§ **EXERCISE DETAILS**:
Leaving out all pictures, return the records word for word.

§ **DATASET**:
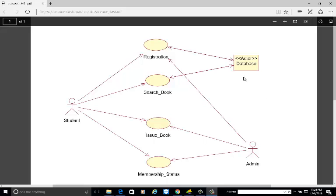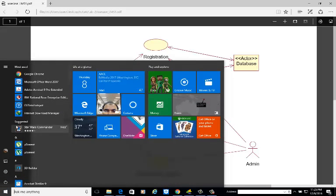Today we are going to learn how to draw the use case diagram with IBM Rational Rose. We are taking the example of a library management system. This system has four use cases: registration, search book, issue book, and membership status. There is one database to store library data, one student actor, and one admin actor. The database is a static actor — it has no attributes or operations, and simply stores and sends data.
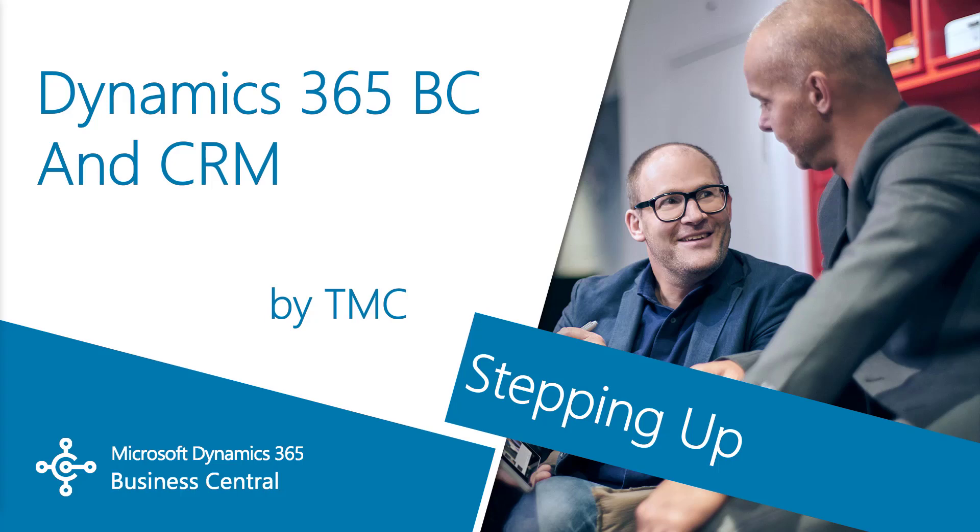Hello and welcome to this video series, Dynamics 365 BC and CRM.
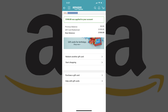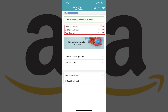Tap Apply to Your Balance after entering the code. You'll be routed to a summary screen for your Amazon gift card balance, where you'll see a message along the top of the screen telling you how much was just added to your Amazon gift card balance. Additionally, you can now see your new Amazon gift card balance toward the top of the screen. You can immediately use your newly added gift card balance to make purchases.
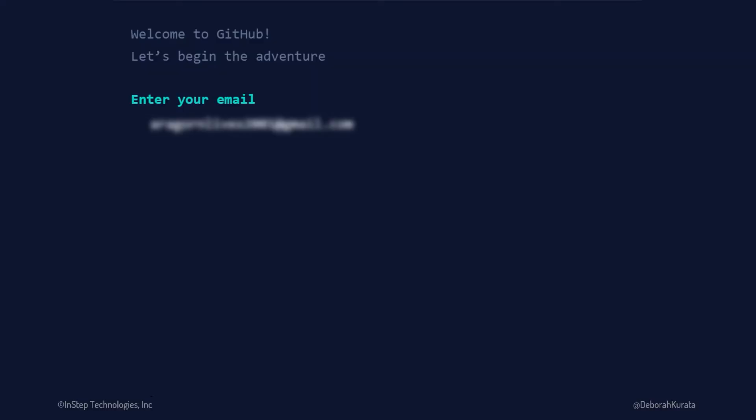The first thing it wants is an email address. Type in the email address you want to use with GitHub. I blurred out the email address I entered. Be sure to enter a valid email address, as it will confirm this email later in the process. If you already have a GitHub account with that email, it will tell you the email is invalid or already taken. When all is well, it allows you to continue.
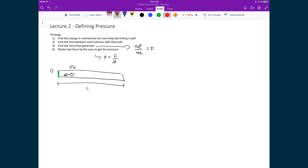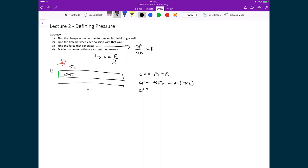When it hits that wall, it's going to rebound elastically since, according to the kinetic model of gases, all collisions are elastic, meaning no energy is lost. So when it strikes that wall at speed Vx, it's going to rebound and travel to the right with speed Vx. The change in momentum is the final momentum minus the initial momentum: the final momentum is M times Vx, and we subtract M times negative Vx, leaving a change in momentum equal to 2mVx.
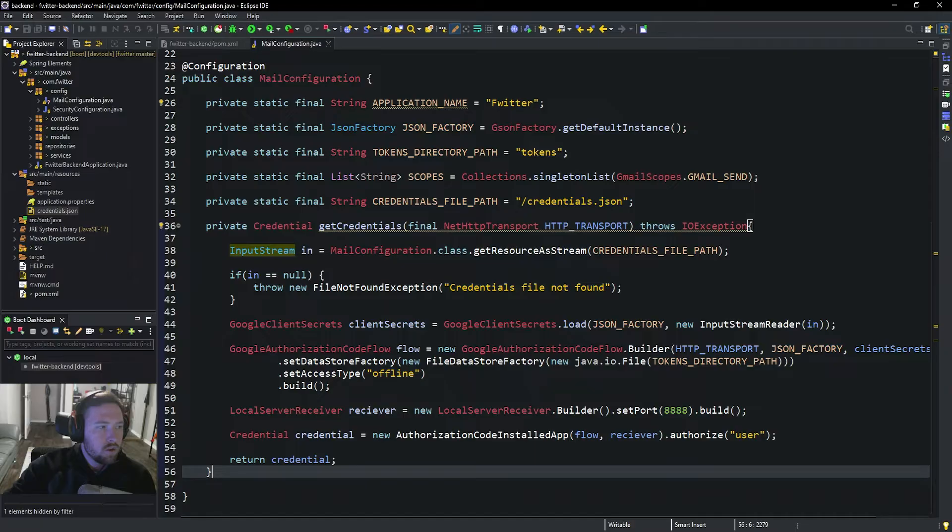Welcome back everyone to episode 10 of Let's Build Twitter. Last episode we went through and set up a method to grab a credential to log us into the Google API and to send emails as another user. This episode we're going to go ahead and set up a service to allow us to send emails through the Gmail API, and also make it so we can actually send the email. Let's hop straight into the code.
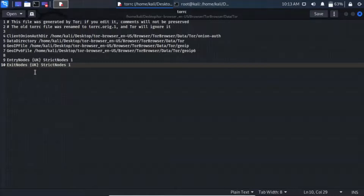If I set StrictNodes=0, then if it can't find the relay in a UK server, it will go through any other server.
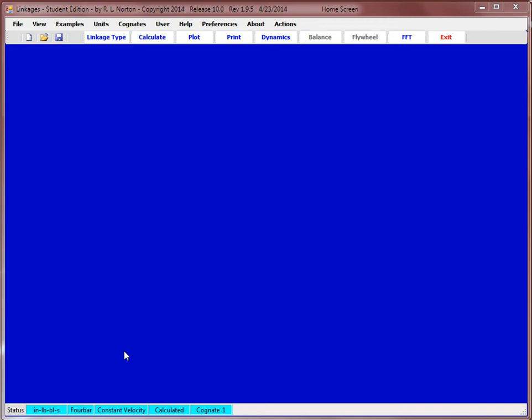In this Jing video, we'll review how to set up the linkage software for homework problem number two, the last problem.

§ **REPLY**:
Today we are going to learn how to draw the use case diagram with IBM Rational Rose. We are taking the example of a library management system. This system has four use cases: registration, search book, issue book, and membership status. There is one database to store library data, one student actor, and one admin actor. The database is a static actor — it has no attributes or operations, and simply stores and sends data.
Hello and welcome to this video series, Dynamics 365 BC and CRM.
Tap Apply to Your Balance after entering the code. You'll be routed to a summary screen for your Amazon gift card balance, where you'll see a message along the top of the screen telling you how much was just added to your Amazon gift card balance. Additionally, you can now see your new Amazon gift card balance toward the top of the screen. You can immediately use your newly added gift card balance to make purchases.
The first thing it wants is an email address. Type in the email address you want to use with GitHub. I blurred out the email address I entered. Be sure to enter a valid email address, as it will confirm this email later in the process. If you already have a GitHub account with that email, it will tell you the email is invalid or already taken. When all is well, it allows you to continue.
When it hits that wall, it's going to rebound elastically since, according to the kinetic model of gases, all collisions are elastic, meaning no energy is lost. So when it strikes that wall at speed Vx, it's going to rebound and travel to the right with speed Vx. The change in momentum is the final momentum minus the initial momentum: the final momentum is M times Vx, and we subtract M times negative Vx, leaving a change in momentum equal to 2mVx.
Welcome back everyone to episode 10 of Let's Build Twitter. Last episode we went through and set up a method to grab a credential to log us into the Google API and to send emails as another user. This episode we're going to go ahead and set up a service to allow us to send emails through the Gmail API, and also make it so we can actually send the email. Let's hop straight into the code.
If I set StrictNodes=0, then if it can't find the relay in a UK server, it will go through any other server.
In this Jing video, we'll review how to set up the linkage software for homework problem number two, the last problem.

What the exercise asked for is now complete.